Truly the kiss that is common both to him who kisses and to him who is kissed. Hence the bride is satisfied to receive the kiss of the Bridegroom, though she be not kissed with his mouth. For her it is no mean or contemptible thing to be kissed by the kiss, because it is nothing less than the gift of the Holy Spirit. If, as is properly understood, the Father is he who kisses, the Son he who is kissed, then it cannot be wrong to see in the kiss the Holy Spirit, for he is the imperturbable peace of the Father and the Son, their unshakable bond, their undivided love, their indivisible unity.Footnote 69

Bernard explains that the bride-soul cannot be kissed directly by the mouth of God the Father, because this kiss is solely accessible by the Son. The kiss, which is the expression of the unity between Father and Son, is the Holy Spirit. The description of the Holy Spirit as “the imperturbable peace of the Father and the Son, their unshakable bond, their undivided love, their indivisible unity” seems to be very close to Zohar’s “companionship, cleaving, wholeness of all” designating the four spirits which are identical with the four letters of the word “love”: “imperturbabilis pax” could easily correspond to שלימו דכלא, with regard to the interchangeability of שלום and שלמות in mystical texts; “gluten firmum” seems to correspond to חברותא foregrounding the meaning of joining; “individuus amor” parallels the “one love” to which the spirits in the Zoharic homily unite, “indivisibilis unitas” the clinging union דבקותא.

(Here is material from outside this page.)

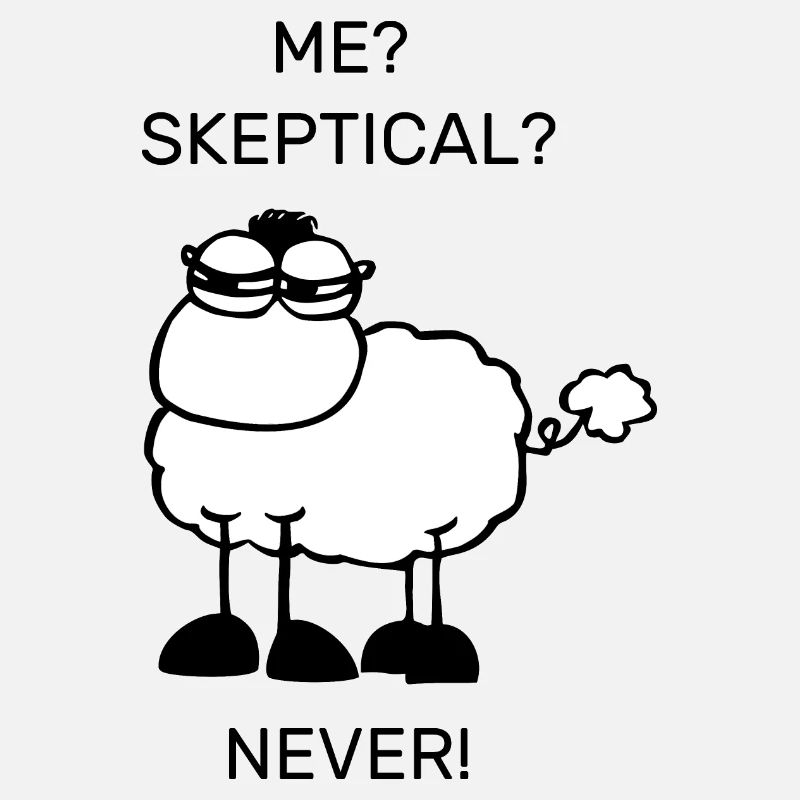 Skeptical sheep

The affinity between the Zoharic imagery of the kiss and an ensemble of aspects in Bernard’s exegesis of the opening verse of the Song of Songs is so great that it is reasonable to assume the influence of this Christian source on the Zoharic text, even though the particular conduit of Bernard’s sermons cannot be demonstrated. The Zoharic statement that the cleaving to the King is to be accomplished through the Son seems to echo the Christian idea and terminology, all the more so when we find this concept at the very heart of Bernard’s kiss symbolism. Bernard’s identification of the kiss with the Holy Spirit is reminiscent of the link between “spirit” and the kiss already in earlier Kabbalistic commentaries. As we have seen, R. Ezra identifies the kiss with the bestowing of the holy spirit on the soul. Ibn Sahula renders the supreme kiss as the “emanation of the spirit from its origin.”

Conclusion

The adaptation of philosophical concepts and terminology was an essential element in the consolidation of early Kabbalistic systems and continued to take place in the following generations of Kabbalists. In order to demonstrate the formation of a specific structure of ideas and their dynamics within Kabbalistic theosophy, the Zoharic imagery of the kiss has been situated here within the context of numerous sources from which the Zohar has probably drawn its key elements.

The homily on the opening verse of the Song of Songs found in the pericope Terumah can be viewed as a portrayal of the metaphysics of love. Investigating the correlation of the philosophical sources and the Zoharic text, two general aspects could be found as crucial for the formation of the Kabbalistic imagery. Basic Neoplatonic notions as the hypostatic relation which Plotinus and Proclus conceptualize as eros, and the principle of κοινωνία, have been transmitted to the Jewish tradition through Arabic translations and philosophical works. Arabic philosophical treatises, as already Plato’s dialogues, often bear demonstrations of the uniting power of eros on the material level. One of several such examples extant in Arabic sources is the description of the kiss as mingling of breaths which leads to the cleaving of human souls, as it appears inter alia in the Epistle of the Brethren of Purity. The image is employed by Moses ibn Tibbon in his allegorical interpretation of the Song of Songs’s opening kiss motif as the cleaving of the soul to the active intellect and finally applied in Moses de León’s Sod ʻEser Sefirot Belimah and in the Zoharic text to intradivine dynamics.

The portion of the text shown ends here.